§ About this exercise: Make an exact copy of the records, with the pictures left out.

§ Records from a dataset:

┄┄┄┄┄┄┄┄┄┄

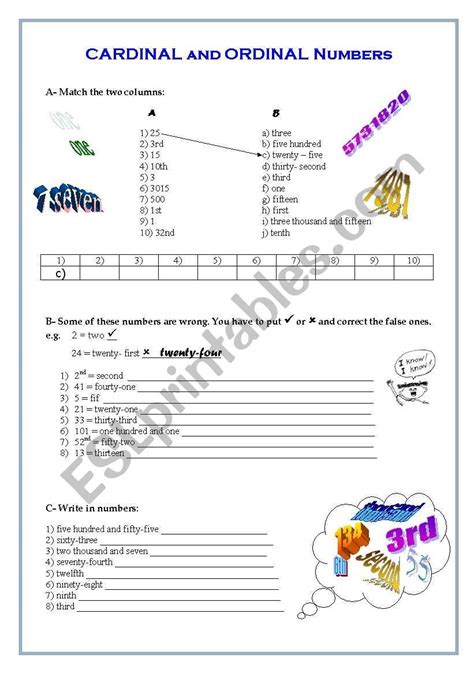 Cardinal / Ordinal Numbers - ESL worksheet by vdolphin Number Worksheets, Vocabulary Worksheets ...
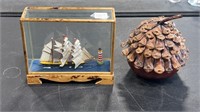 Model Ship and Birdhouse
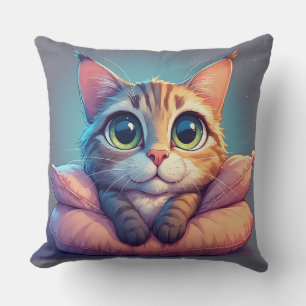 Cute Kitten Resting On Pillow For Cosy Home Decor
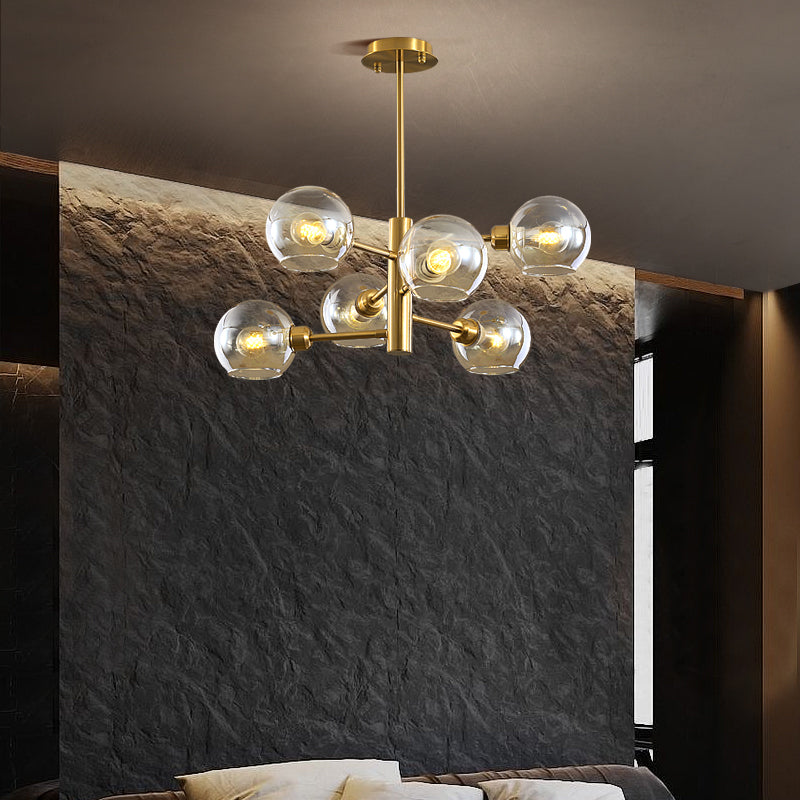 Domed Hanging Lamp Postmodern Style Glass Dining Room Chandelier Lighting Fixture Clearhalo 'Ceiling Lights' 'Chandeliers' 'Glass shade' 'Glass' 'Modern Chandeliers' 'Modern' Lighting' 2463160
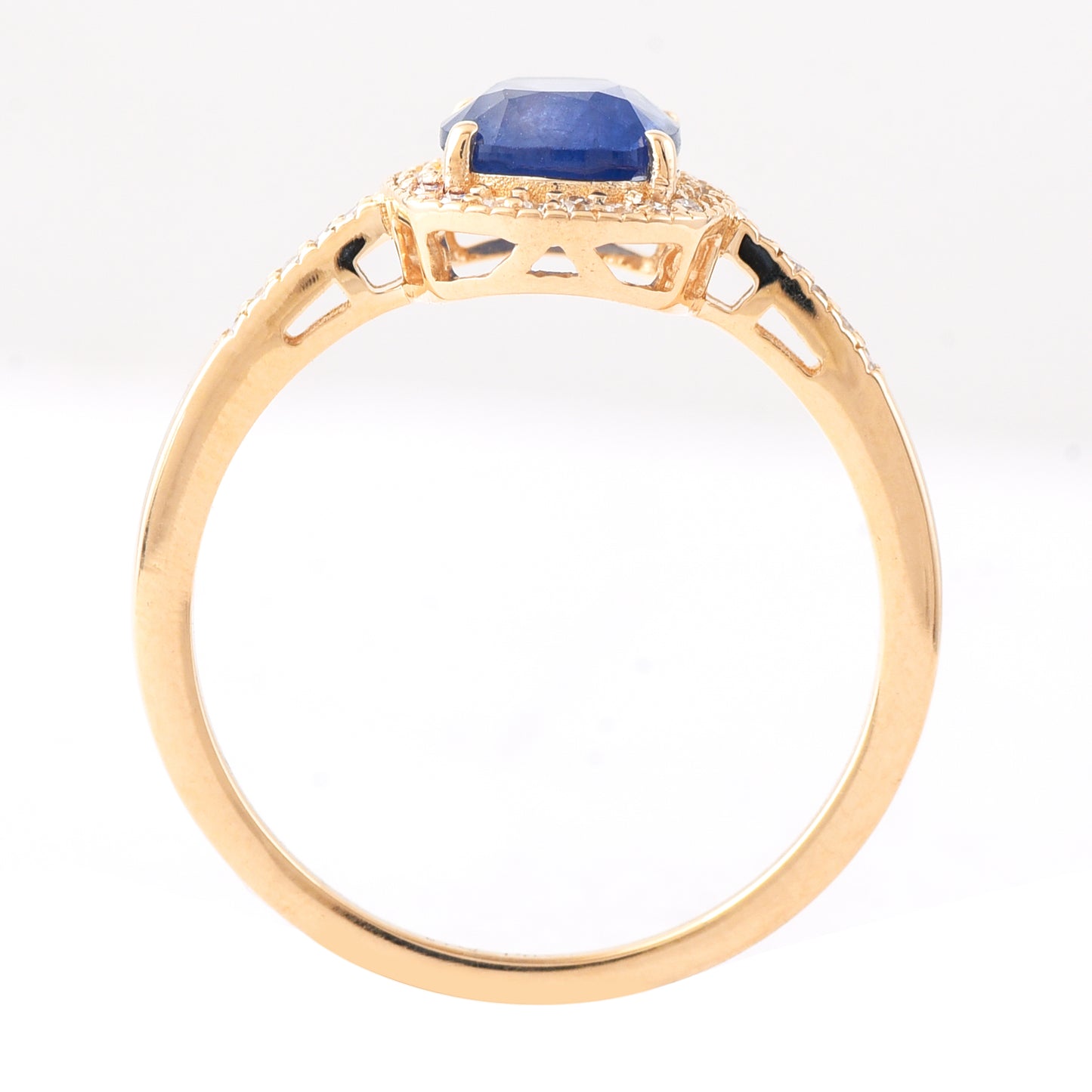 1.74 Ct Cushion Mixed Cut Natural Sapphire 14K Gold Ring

┄┄┄┄┄┄┄┄┄┄

§ Output of the exercise:
 Cardinal / Ordinal Numbers - ESL worksheet by vdolphin Number Worksheets, Vocabulary Worksheets ...
 Model Ship and Birdhouse
 Cute Kitten Resting On Pillow For Cosy Home Decor
 Domed Hanging Lamp Postmodern Style Glass Dining Room Chandelier Lighting Fixture Clearhalo 'Ceiling Lights' 'Chandeliers' 'Glass shade' 'Glass' 'Modern Chandeliers' 'Modern' Lighting' 2463160
 1.74 Ct Cushion Mixed Cut Natural Sapphire 14K Gold Ring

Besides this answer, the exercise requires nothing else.